Dans la religion musulmane, l’alcool est interdit. Cependant, la passion humaine pour les substances altérant la perception a fait du cannabis une consommation populaire là où la bouteille représente le péché. Riches et puissants, travailleurs et mendiants consomment du cannabis sous forme de fleurs, de haschich ou de majoun, une confiture douce faite avec un pourcentage élevé de haschich marocain, connue depuis plus de mille ans. Majoun signifie pâte et préparation.
L’Invention du Brownie
Au milieu du XIXe siècle, un groupe d’écrivains français a commencé à donner un autre sens à la consommation de cannabis.

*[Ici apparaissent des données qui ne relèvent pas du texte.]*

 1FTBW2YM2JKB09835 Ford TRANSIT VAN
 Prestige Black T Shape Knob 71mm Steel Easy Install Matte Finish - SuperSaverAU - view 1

Entre 1844 et 1849, le Club des Hashischins, fondé par le psychiatre Jacques-Joseph Moreau, a réuni des écrivains comme Théophile Gautier, Victor Hugo, Alexandre Dumas, Charles Baudelaire et Honoré de Balzac pour observer expérimentalement les effets possibles du haschich sur la société française, un phénomène que Moreau avait déjà observé au Moyen-Orient.
Cependant, la véritable popularisation moderne du cannabis comestible est due à une cuisinière célèbre, compagne de la poétesse Gertrude Stein, nommée Alice B. Toklas.
Alice B. Toklas et le Hashish Fudge
Fameuse pour ses plats servis lors de réunions culturelles avec Matisse, Picasso ou Hemingway, Toklas a publié un livre de cuisine dans les années 1950 contenant des recettes qui agrémentaient ces réunions, dont le Hashish Fudge.
Avec de la cannelle, des fruits secs, du beurre, du sucre, des cacahuètes, des figues et d’autres épices, le Hashish Fudge est une recette originellement importée du Maroc par le peintre Brion Gysin, et non très éloignée du majoun traditionnel. Comme son nom l’indique, une partie substantielle de la recette est le haschich, une des formes les plus traditionnelles d’extraction de résine de cannabis.
La seconde édition du livre aux États-Unis, dans les années 60, a fait fureur dans le mouvement hippie. Le fudge/majoun est devenu brownie, une recette classique de la cuisine anglo-saxonne de préparation facile.
Les Ventes Massives de Cannabis Comestible
Aujourd’hui, bien que le cannabis comestible soit encore préparé de manière domestique, la production des « edibles » est massive. Selon le Département des Revenus du Colorado, où le cannabis a été légalisé en 2012, rien qu’en avril 2016, 73 000 unités de comestibles ont été vendues pour une valeur totale de 1,05 million de dollars.
Le marché légal se développe, tout comme la sophistication des produits offerts. En 2015, les chocolats étaient le produit le plus vendu. En 2016, ils ont été supplantés par les oursons en gélatine.
Les Nouvelles Technologies et Produits Infusés
Les nouvelles technologies pour infuser le cannabis dans les aliments, comme les cannabinoïdes hydrosolubles, ont ouvert un éventail de produits qui couvrent presque tous les produits consommés quotidiennement : des eaux aromatisées aux bières au cannabis, en passant par les produits de boulangerie au CBD et toutes sortes de snacks.
Cela ressemble à de la science-fiction, mais consommer du cannabis est une tradition ancienne. La marijuana, autrefois considérée comme une panacée pour traiter divers problèmes de santé, est devenue une menace sociale supposée au XXe siècle. Le XXIe siècle semble être le retour d’une plante qui soulage les corps et les esprits fatigués par la vie moderne.